Currier family art exhibit at the NAG

Ross Currier watercolors Ross Currier watercolors Ross Currier watercolors

Our co-host Ross Currier not only plays bass guitar, he does watercolors.

Currier watercolors Currier watercolors Currier watercolors  

They’re on display this week in the Northfield Art Guild’s The Other Room, along with works by his wife, Sarah, and their daughters Phoebe and Athena. Click all thumbs to enlarge.

NAG Other Room

What is The Other Room?


  1. Ross Currier said:

    As I have said twice before on this site, I am NOT a reporter. I guess that I also don’t consider myself to be an artist. For me, art is just one of life’s important skills, like reading, ‘riting, and ‘rithmetic.

    I guess it started with my father, Benjamin Atkinson Currier III. Although he was SVP, EVP and CEO of a number of national and international insurance companies, he had one accomplishment that, at least for me and my friends, always stood above the rest. He can draw a perfect Bugs Bunny. In fact, he continues to impress his grandchildren with this skill.

    It continued with my grandmother, Editha Borden Currier. She was the first woman admitted to the Rhode Island School of Design, back around 1909 or so. When she graduated, people didn’t want to have a woman as an art teacher (maybe she’d have to draw a nude or something) so she taught high school shop class in Amesbury, Massachusetts. Whenever we visited her, we’d do art projects. When she’d visit us, we’d visit art museums in D. C. or Boston and she’d tell us stories about the artists.

    When I was in school, I loved reading history, particularly about the American Civil War. I also enjoyed biographies, including generals and presidents. I learned that when the many Civil War generals who went on to become president attended West Point, there were only five required courses. One of them was drawing.

    Finally, when I was the project manager on a $20 million adaptive reuse of a historic warehouse in Lowertown, there was an eye-opening construction meeting. The architect was from Pakistan, the engineer was from Mexico, and the masonry contractor was from Poland. For all of them, English was their second language. They were having trouble communicating about a construction detail. Then one of them sketched a picture on a piece of paper. They started handing it around, each adding more details. When they were satisfied that they’d reached a shared understanding, they all nodded, smiled and got to work.

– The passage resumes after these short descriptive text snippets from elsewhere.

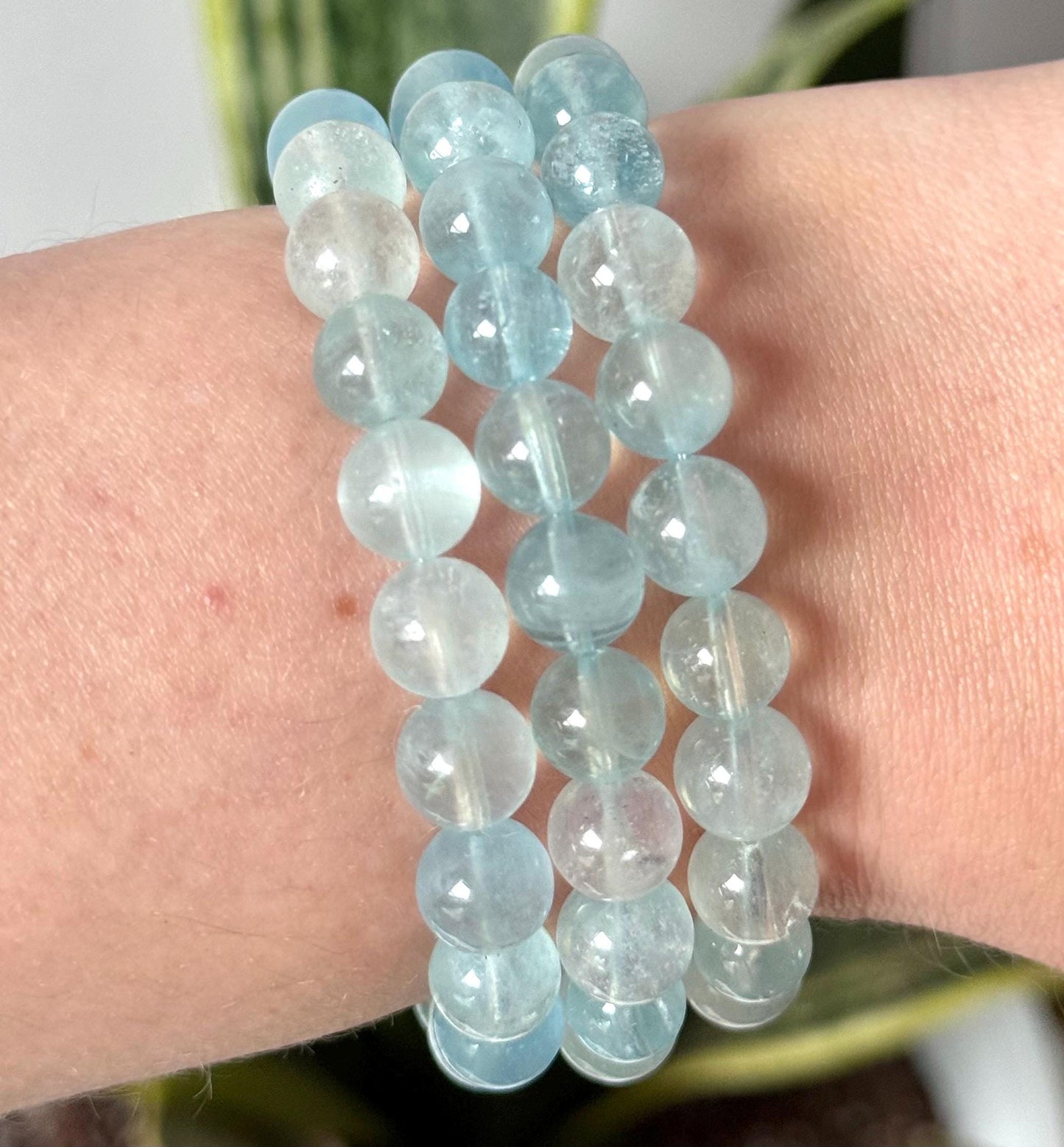 Beautiful High Quality Aquamarine Bracelets 8mm Beaded Gemstone Bracelet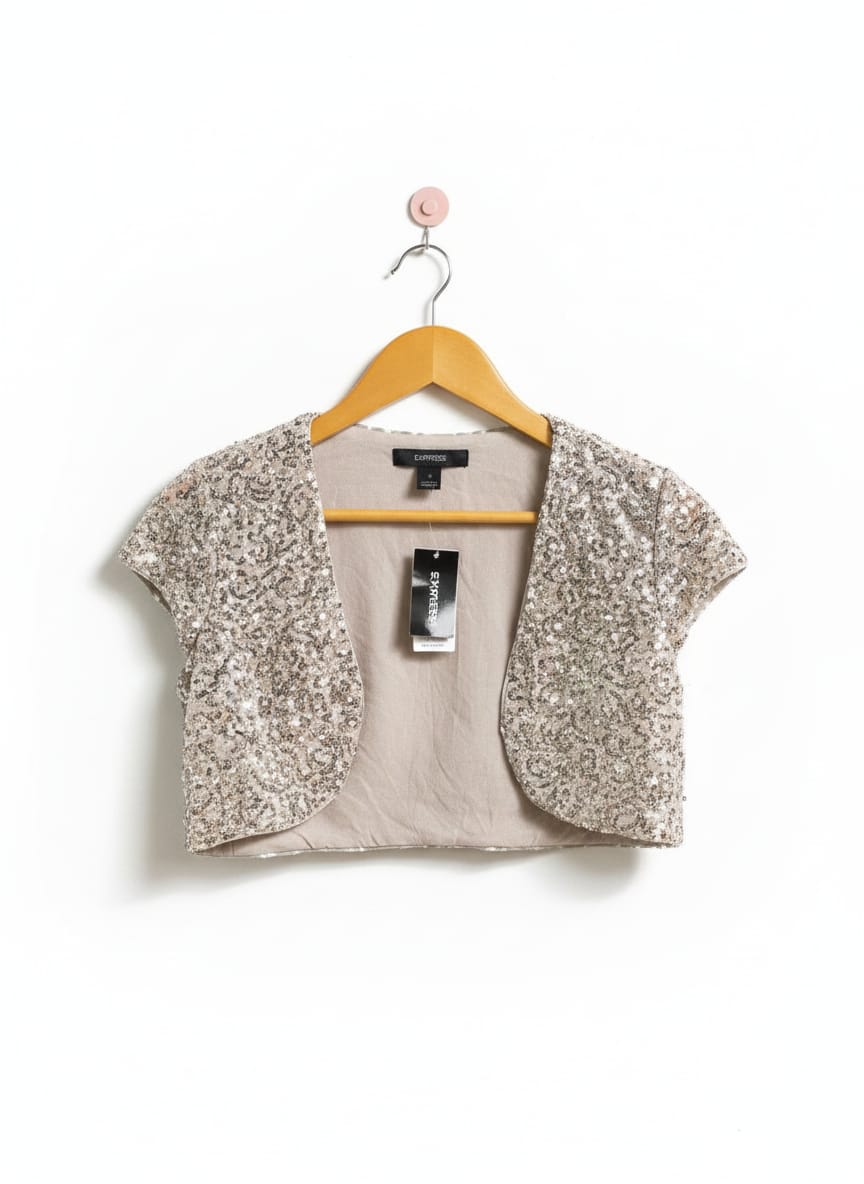 EXPRESS|S|BUST 15|CHAMPAGNE SEQUIN SHORT SLEEVE BOLERO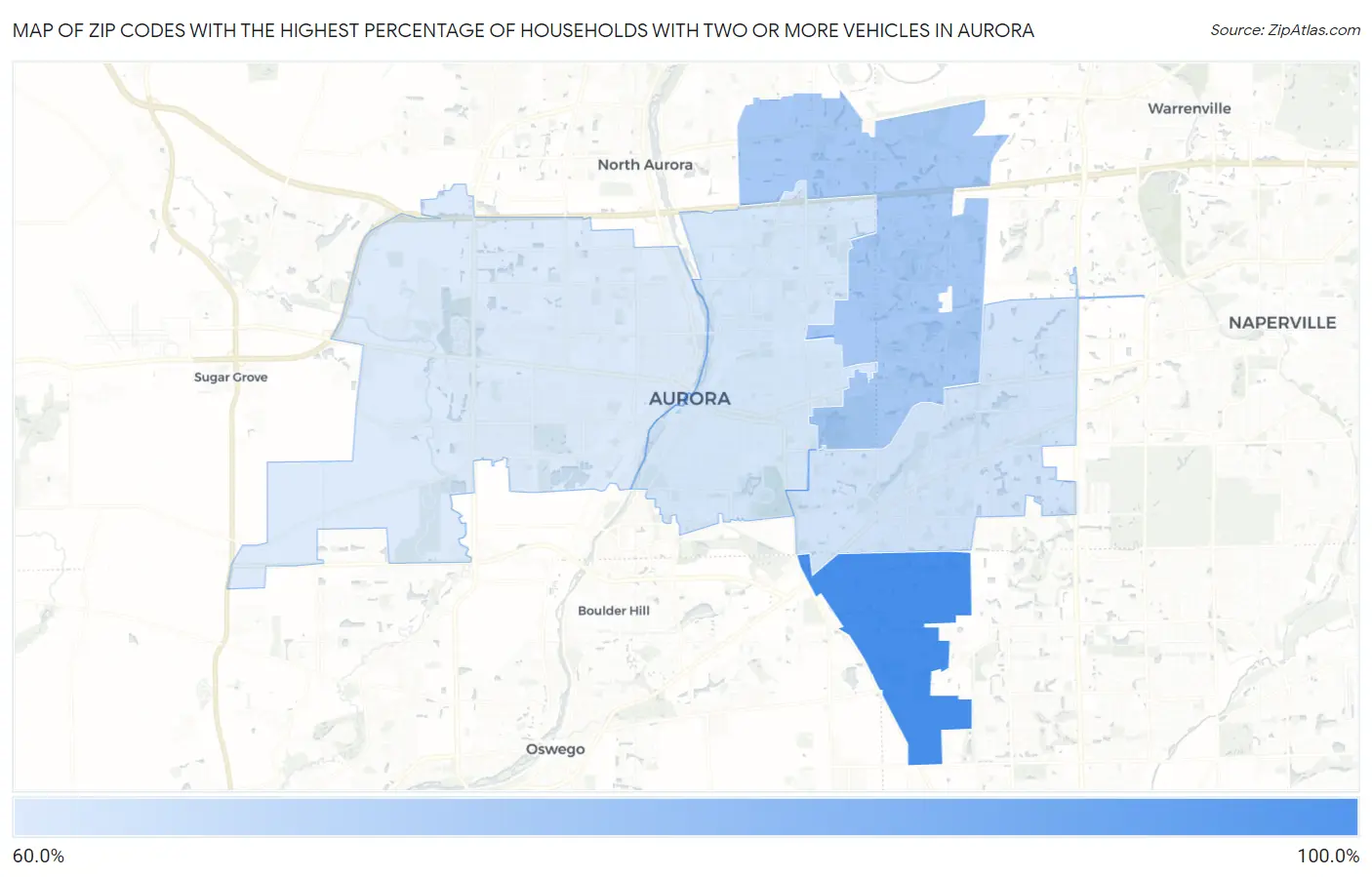Zip Codes with the Highest Percentage of Households With Two or more Vehicles in Aurora Map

    As I was saying, art is just one of life’s important skills. Good thing they still teach it in the Northfield Public Schools.

    September 19, 2007
  2. Jim Haas said:


    That design meeting is exactly what some architects mean when they refer to the charette process. I am given to understand that at the Sorbonne or some other old French design school, architecture students were required to build elaborate models and present them to a faculty jury. These models were moved from studio to auditorium on small carts — charettes — and during the move lots of last-second work was still being done, with groups of students helping each other. Thus the use of the term for a collaborative, hands-on design process.

    September 19, 2007
  3. Ross Currier said:


    Interesting that you should bring up the charette process. There’s a rumor that the Library Board might initiate just such an approach to exploring concepts that would enable the library meet its space needs while still keeping it in its present (historic) location.

    We’ll keep our ears open and our fingers crossed!